> [What the task requires]
Here the job is to retype the data word for word while leaving the pictures aside.

### Source material

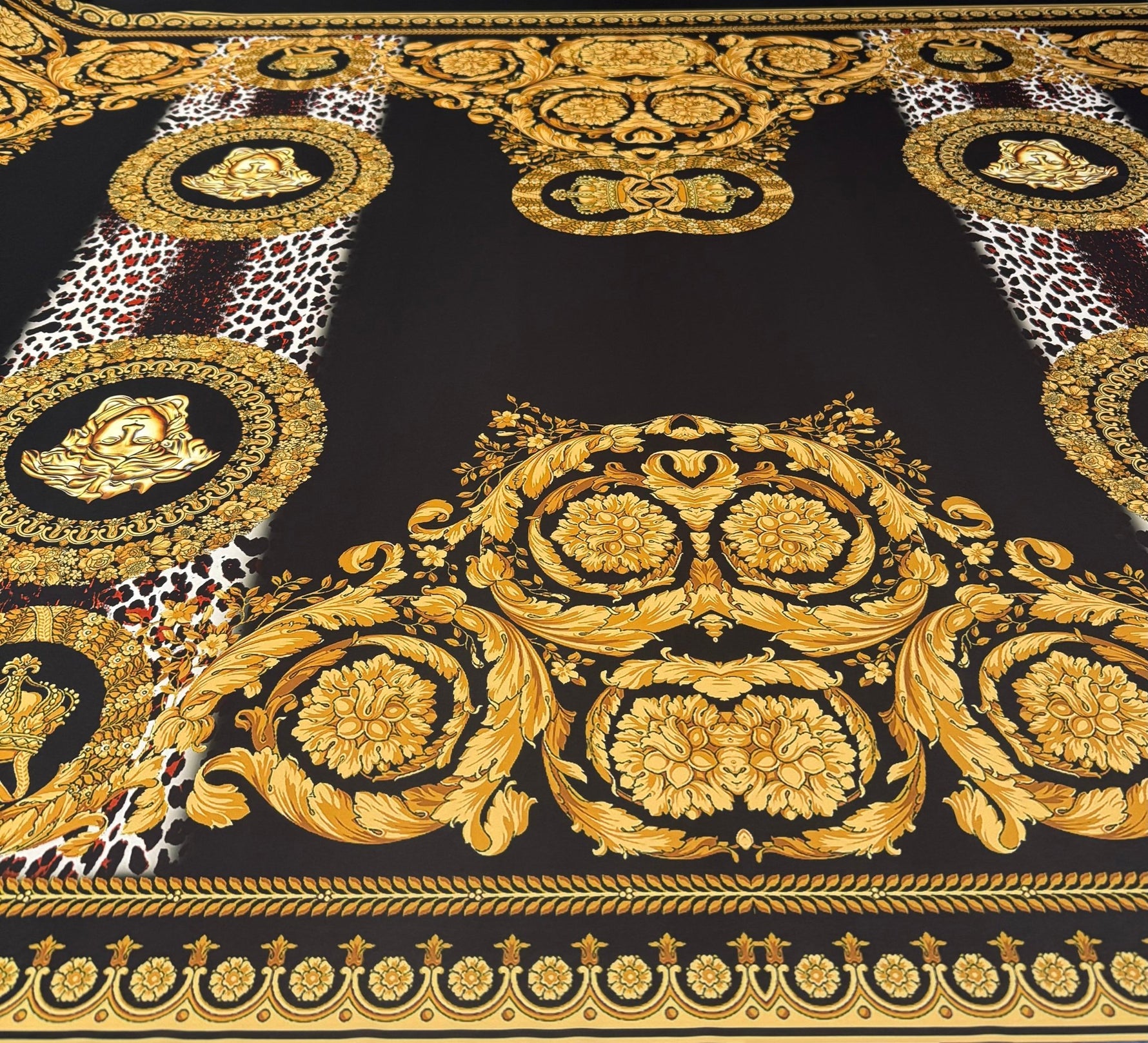 Baroque Chain Print Crepe Fabric - Whotex Fabrics London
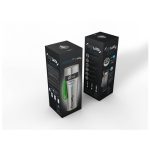 MyLAICA rozsdamentes szálcsiszolt fast disk rendszerű vízszűrő kulacs kék szilikon pánttal- 0,55 literes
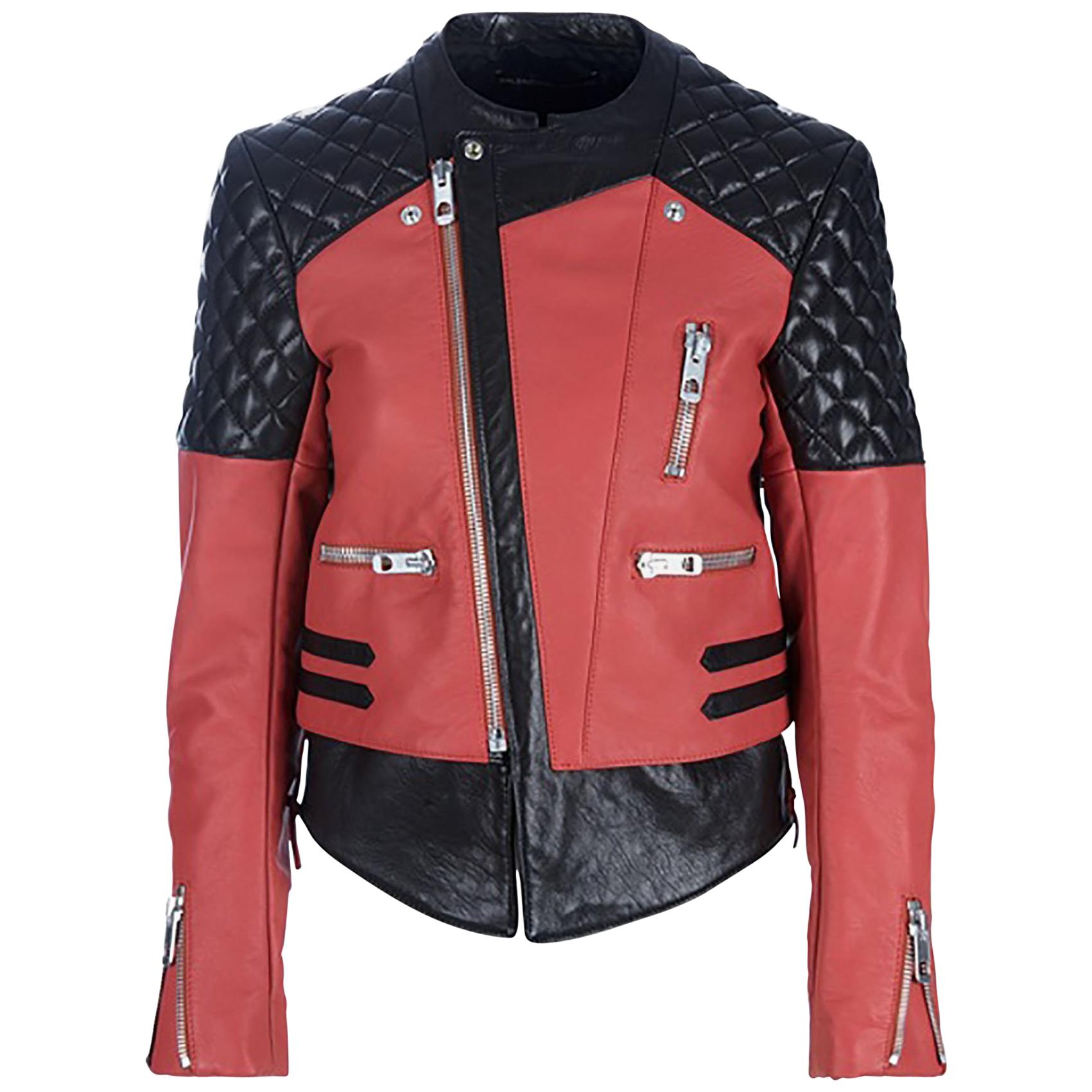 Balenciaga Black & Rust Leather Biker Jacket sz S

######

> [The completed task]
 Baroque Chain Print Crepe Fabric - Whotex Fabrics London
 MyLAICA rozsdamentes szálcsiszolt fast disk rendszerű vízszűrő kulacs kék szilikon pánttal- 0,55 literes
 Balenciaga Black & Rust Leather Biker Jacket sz S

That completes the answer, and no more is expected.